Senator Hanson’s claim is baseless.
Experts consulted by Fact Check could not identify any native title decisions in Australia which have dispossessed a freehold land title holder of their land.
The High Court’s Mabo decision in 1992 did not give Indigenous people the right to reclaim traditional lands from just anyone.
Private property held under freehold title, such as your house and backyard, has already had any native title extinguished under Australian law.
Native title claims can only be made on Crown land, though this land may be covered by a pastoral lease or other interests that are deemed by law to prevail over native title.
But even in the case of pastoral leases, the High Court’s 1996 Wik decision found that the rights of pastoralists and native title holders can co-exist, and that when they are in conflict, the rights of the leaseholder prevail over those of the native title holder.
Experts were adamant that dispossession of freehold title through a native title claim is not consistent with Australian law.
Assessing the claim
Fact Check contacted Senator Hanson’s office to ask for the source of her claim, but did not receive a response.
In making her claim, Senator Hanson said people had been “dispossessed of their lands”.
Kate Galloway, an associate professor in the Faculty of Law at Bond University, told Fact Check that dispossession means to “cancel or nullify someone’s legitimate right to land”.
“Dispossession doesn’t relate to public rights to land, or rights to access public land,” she said. “In Australia, we don’t have private title, generally, to beachfront or other public places … if the general public is stopped from accessing parts of land, that’s not regarded as dispossession. That’s just a loss of public access.”
Associate professor Galloway said that possession can describe a right of a tenant of a property, for example, but that doesn’t set possession up as the opposite of dispossession in relation to land title.
“When we talk about possession of land, possession can mean, literally, if you’re in possession of a house, then you might be the tenant or you might be a guest. It doesn’t mean that you own it, or that you have the title to it, but you’re in possession of it. But if you throw out your guest, you don’t say that they’ve been dispossessed of that land.”
As Senator Hanson spoke of people being dispossessed of “their lands”, Fact Check takes this to mean someone who holds the title of the land under the law.
What was the Mabo decision?
The decision gets its name from one of its plaintiffs, Eddie Koiki Mabo, who along with four other Torres Strait Islanders, began a legal claim for ownership of their lands in the Murray Islands, situated in the Torres Strait between Papua New Guinea and Australia, on May 20, 1982.

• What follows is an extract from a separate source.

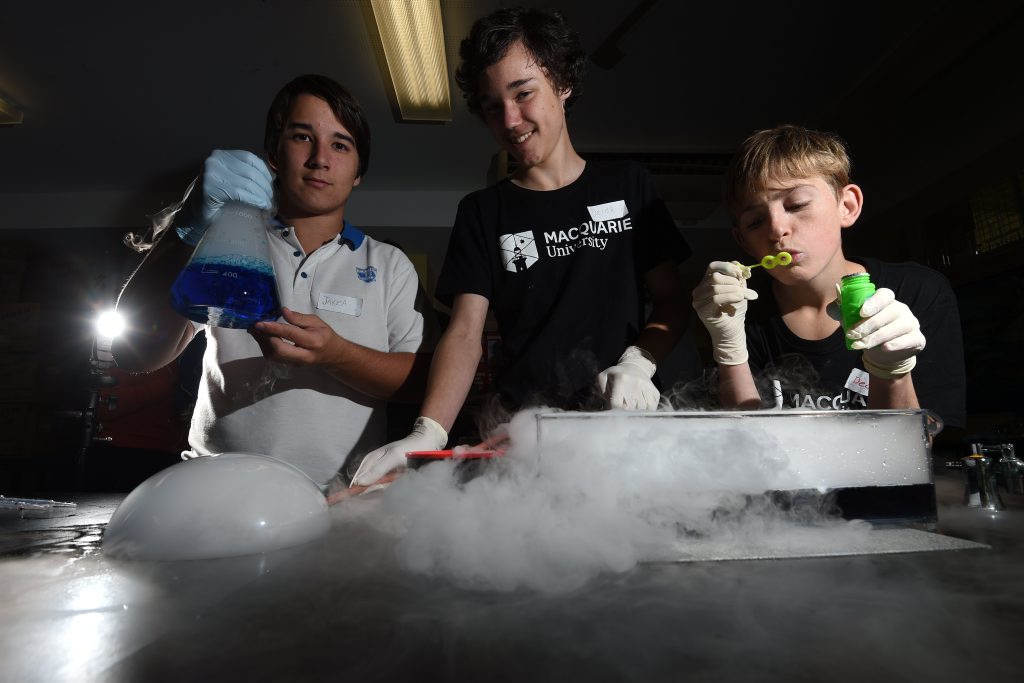Casino High School students Declan Bienke, 15, and Kyle Parry, 16, and Jake Gollan, 16, participate in the National Indeginous Science Education Program in partnership with Macquarie University. Photo Marc Stapelberg / The Northern Star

In a 6-1 decision, the court established that:
… the Meriam people [of the Torres Strait Islands] are entitled as against the whole world to possession, occupation, use and enjoyment of the lands of the Murray Islands… [with the exception of land which was] … validly … appropriated for use for administrative purposes the use of which is inconsistent with the continued enjoyment of the rights and privileges of the Meriam people under native title … putting to one side the Islands of Dauer and Waier and the parcel of land leased to the Trustees of the Australian Board of Missions.

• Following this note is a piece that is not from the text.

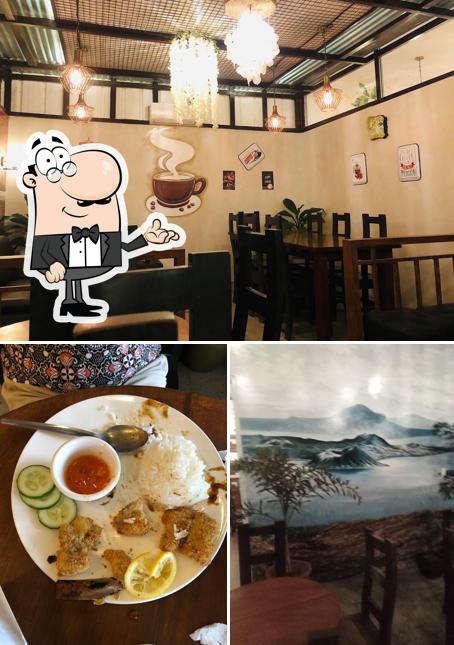 Take a look at the image depicting interior and food at Everybody's CAFE Tagaytay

The judgment was specific to the Meriam people, and the land over which they had laid claim, and did not automatically transfer control of all unallocated crown land in Australia to its traditional Indigenous owners.
But it did have a profound effect on the common law in Australia, setting a precedent for decisions on other parcels of land.
According to the Australian Institute of Aboriginal and Torres Strait Islander Studies, the Mabo decision “altered the foundation of land law in Australia by overturning the doctrine of terra nullius (land belonging to no-one) on which British claims to possession of Australia were based. This recognition inserted the legal doctrine of native title into Australian law”.
In simple terms, the court found that the idea that Australia was a land which belonged to no one — the very basis upon which Australia was colonised — was a “fiction” in terms of supporting British ownership of land titles.
From the judgment:
It was only by fastening on the notion that a settled colony was terra nullius that it was possible to predicate of the Crown the acquisition of ownership of land in a colony already occupied by indigenous inhabitants. It was only on the hypothesis that there was nobody in occupation that it could be said that the Crown was the owner because there was no other. If that hypothesis be rejected, the notion that sovereignty carried ownership in its wake must be rejected too.
In the months following the decision, there was much debate over what it meant for land ownership in Australia, and how to deal with its ramifications.
The Keating government was in power at the time and set about enshrining the principles of the decision in legislation.
After protracted negotiations with Indigenous representatives, pastoralists, miners and crossbench parties in the Senate, the Native Title Act 1993 was legislated to provide a “straightforward mechanism to determine whether or not native title exists and what the rights and interests are that comprise that native title”, according to the bill’s explanatory memorandum.